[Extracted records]

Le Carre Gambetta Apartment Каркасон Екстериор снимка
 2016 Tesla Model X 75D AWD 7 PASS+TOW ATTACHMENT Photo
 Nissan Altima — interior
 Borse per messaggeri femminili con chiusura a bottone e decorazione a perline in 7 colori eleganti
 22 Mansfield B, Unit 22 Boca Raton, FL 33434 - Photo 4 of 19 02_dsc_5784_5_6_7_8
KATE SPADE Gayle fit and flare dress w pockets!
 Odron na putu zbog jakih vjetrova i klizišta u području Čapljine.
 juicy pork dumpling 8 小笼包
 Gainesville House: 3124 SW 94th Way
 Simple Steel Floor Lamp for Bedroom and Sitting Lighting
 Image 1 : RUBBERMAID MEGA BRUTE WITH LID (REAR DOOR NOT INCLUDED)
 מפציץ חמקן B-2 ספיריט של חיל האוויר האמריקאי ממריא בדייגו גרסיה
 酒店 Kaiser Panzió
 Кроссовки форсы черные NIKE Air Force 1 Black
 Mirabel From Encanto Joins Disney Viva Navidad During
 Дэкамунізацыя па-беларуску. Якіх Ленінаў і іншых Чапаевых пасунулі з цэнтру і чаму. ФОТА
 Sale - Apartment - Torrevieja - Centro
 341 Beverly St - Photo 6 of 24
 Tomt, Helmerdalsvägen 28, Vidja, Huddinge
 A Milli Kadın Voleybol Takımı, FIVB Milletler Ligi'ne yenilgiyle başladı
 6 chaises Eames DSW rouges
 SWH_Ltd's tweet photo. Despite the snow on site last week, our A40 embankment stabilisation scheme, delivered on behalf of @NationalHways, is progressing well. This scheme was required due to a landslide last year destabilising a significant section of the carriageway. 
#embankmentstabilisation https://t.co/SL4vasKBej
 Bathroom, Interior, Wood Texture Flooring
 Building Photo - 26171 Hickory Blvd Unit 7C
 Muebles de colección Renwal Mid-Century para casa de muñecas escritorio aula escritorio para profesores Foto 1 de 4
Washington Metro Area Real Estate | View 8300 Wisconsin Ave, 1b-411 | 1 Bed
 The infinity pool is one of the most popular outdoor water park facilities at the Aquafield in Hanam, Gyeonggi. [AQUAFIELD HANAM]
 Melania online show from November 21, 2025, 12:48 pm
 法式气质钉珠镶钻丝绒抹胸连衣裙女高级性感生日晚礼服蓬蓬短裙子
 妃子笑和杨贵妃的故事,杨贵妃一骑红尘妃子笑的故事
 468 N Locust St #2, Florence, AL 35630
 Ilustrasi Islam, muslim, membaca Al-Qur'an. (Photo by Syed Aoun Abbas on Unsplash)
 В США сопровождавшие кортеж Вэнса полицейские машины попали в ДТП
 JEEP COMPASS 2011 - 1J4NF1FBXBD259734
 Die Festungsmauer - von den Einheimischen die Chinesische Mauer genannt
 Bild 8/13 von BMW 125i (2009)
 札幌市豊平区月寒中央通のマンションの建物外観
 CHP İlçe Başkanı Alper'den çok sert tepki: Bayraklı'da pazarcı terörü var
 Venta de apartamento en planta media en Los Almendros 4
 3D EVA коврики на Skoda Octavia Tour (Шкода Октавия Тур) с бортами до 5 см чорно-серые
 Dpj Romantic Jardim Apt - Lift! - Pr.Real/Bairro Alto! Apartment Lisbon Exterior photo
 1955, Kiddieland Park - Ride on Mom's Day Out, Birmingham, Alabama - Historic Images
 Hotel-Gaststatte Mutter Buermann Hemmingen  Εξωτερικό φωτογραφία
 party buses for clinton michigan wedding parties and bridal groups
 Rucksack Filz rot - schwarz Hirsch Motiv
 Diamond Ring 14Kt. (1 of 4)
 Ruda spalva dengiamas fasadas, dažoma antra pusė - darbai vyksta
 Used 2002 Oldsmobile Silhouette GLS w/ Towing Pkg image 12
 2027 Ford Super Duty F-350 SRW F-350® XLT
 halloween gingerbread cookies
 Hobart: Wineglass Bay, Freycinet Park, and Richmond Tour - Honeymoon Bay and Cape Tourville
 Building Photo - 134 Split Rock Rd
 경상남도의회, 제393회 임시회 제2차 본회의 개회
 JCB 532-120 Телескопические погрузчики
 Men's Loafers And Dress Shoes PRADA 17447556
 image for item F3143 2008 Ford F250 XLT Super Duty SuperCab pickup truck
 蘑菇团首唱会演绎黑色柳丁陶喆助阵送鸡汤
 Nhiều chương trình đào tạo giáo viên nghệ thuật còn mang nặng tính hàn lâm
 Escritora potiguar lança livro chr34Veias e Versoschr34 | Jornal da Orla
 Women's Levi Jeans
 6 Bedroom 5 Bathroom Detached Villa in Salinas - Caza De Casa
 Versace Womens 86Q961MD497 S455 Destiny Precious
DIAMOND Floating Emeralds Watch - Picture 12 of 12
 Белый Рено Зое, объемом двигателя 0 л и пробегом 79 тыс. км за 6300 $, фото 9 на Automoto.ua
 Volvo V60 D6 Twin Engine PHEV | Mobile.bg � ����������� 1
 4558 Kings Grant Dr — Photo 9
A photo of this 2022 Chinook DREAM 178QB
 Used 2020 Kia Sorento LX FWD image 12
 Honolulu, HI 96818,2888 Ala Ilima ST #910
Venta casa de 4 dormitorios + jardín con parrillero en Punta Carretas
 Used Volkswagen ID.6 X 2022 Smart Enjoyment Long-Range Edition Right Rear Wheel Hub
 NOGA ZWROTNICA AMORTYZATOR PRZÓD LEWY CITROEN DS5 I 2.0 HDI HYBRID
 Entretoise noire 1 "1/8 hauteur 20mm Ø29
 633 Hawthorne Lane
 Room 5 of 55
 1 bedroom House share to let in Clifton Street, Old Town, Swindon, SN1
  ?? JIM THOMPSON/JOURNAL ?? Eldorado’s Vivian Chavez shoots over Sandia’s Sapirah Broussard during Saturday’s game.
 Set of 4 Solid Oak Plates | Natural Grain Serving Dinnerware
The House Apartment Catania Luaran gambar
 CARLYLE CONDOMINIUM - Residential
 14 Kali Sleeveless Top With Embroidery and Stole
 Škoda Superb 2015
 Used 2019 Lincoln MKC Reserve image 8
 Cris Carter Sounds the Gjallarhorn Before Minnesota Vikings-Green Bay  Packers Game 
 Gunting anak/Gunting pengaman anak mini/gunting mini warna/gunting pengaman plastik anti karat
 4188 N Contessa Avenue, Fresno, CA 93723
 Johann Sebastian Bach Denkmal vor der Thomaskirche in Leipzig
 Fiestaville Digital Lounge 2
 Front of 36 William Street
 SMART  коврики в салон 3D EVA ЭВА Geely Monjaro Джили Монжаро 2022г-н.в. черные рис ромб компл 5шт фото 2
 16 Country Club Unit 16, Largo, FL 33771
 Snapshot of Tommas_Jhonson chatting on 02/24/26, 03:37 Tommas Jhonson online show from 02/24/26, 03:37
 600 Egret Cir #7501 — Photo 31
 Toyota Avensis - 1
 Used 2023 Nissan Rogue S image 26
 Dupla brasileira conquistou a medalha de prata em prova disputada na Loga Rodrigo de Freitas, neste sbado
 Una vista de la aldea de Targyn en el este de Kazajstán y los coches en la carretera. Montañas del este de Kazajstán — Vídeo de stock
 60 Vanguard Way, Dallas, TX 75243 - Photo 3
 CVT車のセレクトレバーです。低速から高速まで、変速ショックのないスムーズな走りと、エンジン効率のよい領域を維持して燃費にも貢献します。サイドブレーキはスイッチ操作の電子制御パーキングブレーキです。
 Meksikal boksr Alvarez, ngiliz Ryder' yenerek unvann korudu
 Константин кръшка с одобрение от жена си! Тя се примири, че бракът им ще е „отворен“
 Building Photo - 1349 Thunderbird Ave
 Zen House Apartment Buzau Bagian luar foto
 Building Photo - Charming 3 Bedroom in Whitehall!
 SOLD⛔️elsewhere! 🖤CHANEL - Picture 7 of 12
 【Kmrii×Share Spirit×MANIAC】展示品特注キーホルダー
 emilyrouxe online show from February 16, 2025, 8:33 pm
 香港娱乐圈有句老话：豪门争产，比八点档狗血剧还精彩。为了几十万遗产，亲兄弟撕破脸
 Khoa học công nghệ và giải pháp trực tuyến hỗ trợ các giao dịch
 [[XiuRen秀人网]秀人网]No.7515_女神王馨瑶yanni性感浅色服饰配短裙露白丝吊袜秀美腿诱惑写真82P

Your task: Of the entries listed above, reproduce only the lines starting at the line containing "Ruda spalva dengiamas" and ending at the line containing "Hobart: Wineglass Bay, Freycinet". Include both, exactly as they stand.

Result:
 Ruda spalva dengiamas fasadas, dažoma antra pusė - darbai vyksta
 Used 2002 Oldsmobile Silhouette GLS w/ Towing Pkg image 12
 2027 Ford Super Duty F-350 SRW F-350® XLT
 halloween gingerbread cookies
 Hobart: Wineglass Bay, Freycinet Park, and Richmond Tour - Honeymoon Bay and Cape Tourville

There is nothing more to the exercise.